Si c’est pour créer un style, une forme de narration, un coup de théâtre, soit. Mais maintenu pour une majorité du match, cela perd sa puissance. C’est plate et répétitif et donne un même style à toutes les impros. Briser le 4e mur devrait être une surprise, une petite traite, pas une constance. Et c’est pire quand un seul joueur le fait, refusant de regarder (et possiblement d’écouter) les joueurs autour de lui, se concentrant sur sa relation avec le public. Des personnages vivent vraiment le moment, et là il y a un joueur en train de regarder au-delà du 4e mur, s’adressant au vide, ruinant ce que les autres joueurs essaient d’accomplir – entre autres, un semblant de vraisemblance et de vérité.

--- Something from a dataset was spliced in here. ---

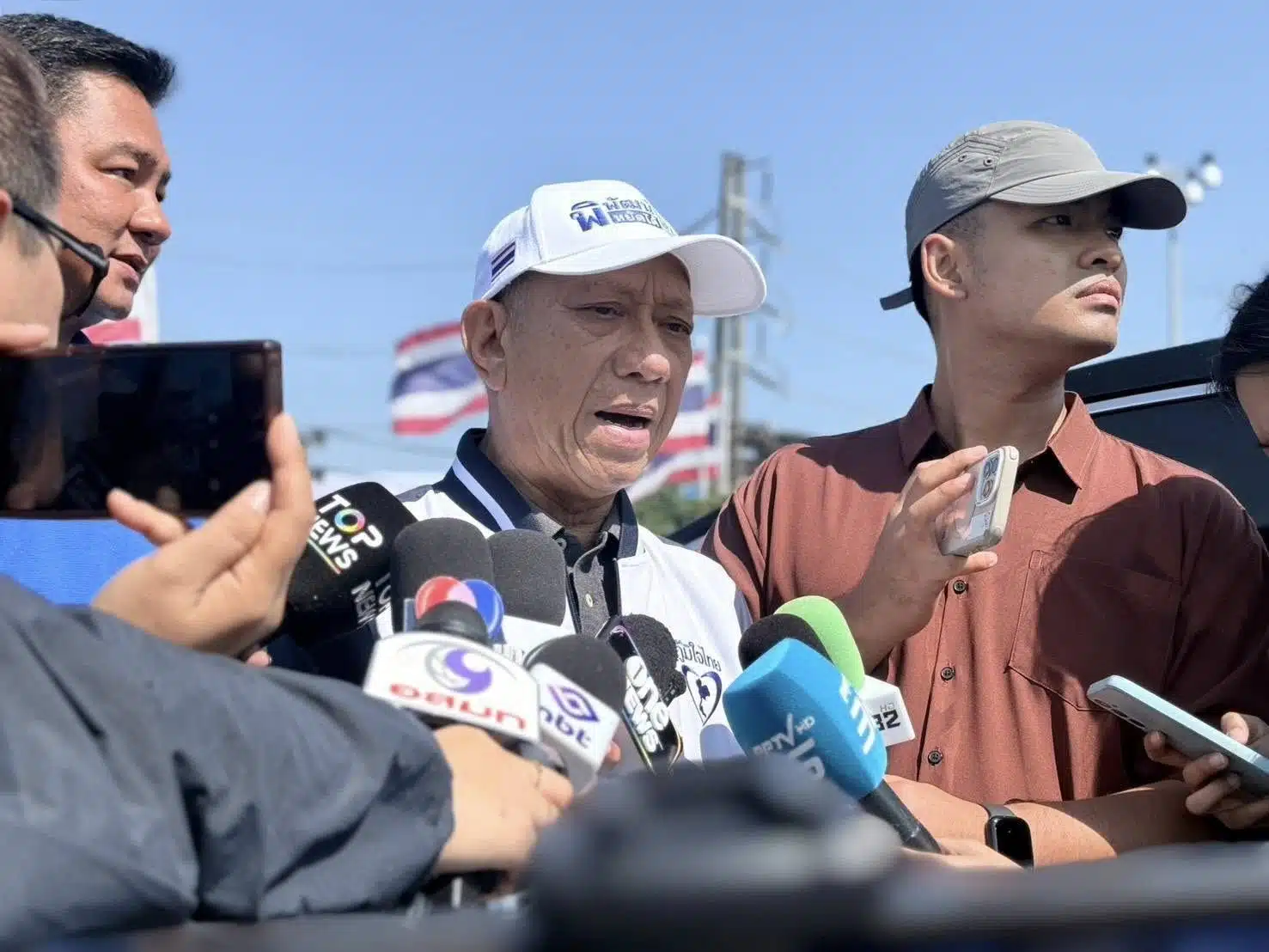 นายพิพัฒน์ รัชกิจประการ รมว.คมนาคม ให้สัมภาษณ์สื่อมวลชน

Mais j’irai plus loin. Il y a quelque chose de bruyant et de chaotique quand on brise le 4e mur ENTRE les impros. Le mur est plus flexible dans ces moments, bien sûr. L’arbitre s’adresse au public, et le capitaine à la session de question peut certainement les inclure. Mais autre que ça, il faut choisir ses moments. Des bancs de joueurs qui sont toujours en train de crier des choses, soit à l’arbitre, soit au public, est un élément dérangeant et difficile à suivre. L’arbitre qui tombe dans le panneau et jase avec les entraîneurs et joueurs en dehors des moments spécifiés perd du temps et encourage encore plus de tels bris. Il y a une raison que l’impro-match est ponctué de sifflets et de musique. Ce sont des indications aux spectateurs de faire attention, d’écouter, ou bien une permission de jaser entre eux. Aussitôt qu’on interrompt se rythme pour lancer notre petite joke, pour attirer l’attention en dehors des gonds d’une impro, on crée une confusion. La moitié du public ne savait pas de faire attention et ne comprend pas trop ce qui se passe. Bientôt, on frôle le free-for-all, l’arbitre perd contrôle du match, et on n’entend que du bruit, on ne voit que des folies, il n’y a plus de différence entre les moments auxquels il faut faire attention, et ceux à travers lesquels on peut parler ou regarder notre téléphone.
Un moment dans un tournoi/une saison où quelque chose comme ça arrive, c’est mémorable. Quand ça arrive constamment, ce n’est que du bruit.

Le 4e mur est là pour une raison. Il indique qu’on regarde un SPECTACLE. Pour le public, il est une vitrine à travers laquelle il est voyeur. Aussitôt qu’on le démolit et qu’il RESTE démoli, on égalise la dynamique entre joueurs et spectateurs au détriment du spectacle. Le public se donne le droit de jaser ou de crier des choses vers la scène. On ne croit plus dans les scènes montées. On a le sentiment d’être dans le salon des joueurs pendant un party où quelqu’un joue de la guitare, mais la moitié du monde n’est pas là pour écouter un show. Ça rend la chose non-officielle, garochée.
Brisez le 4e mur à des moments bien choisis. Le public devrai ressentir un thrill quand tout à coup un joueur leur adresse la parole, ou les regarde dans les yeux. Jusque là, gardez contact avec les joueurs qui sont avec vous dans l’arène. Laissez le public croire les situations que vous improvisez. Et enfin, avec la bonne idée, au meilleur moment, bam, faites un trou dans le mur, mais un trou TEMPORAIRE!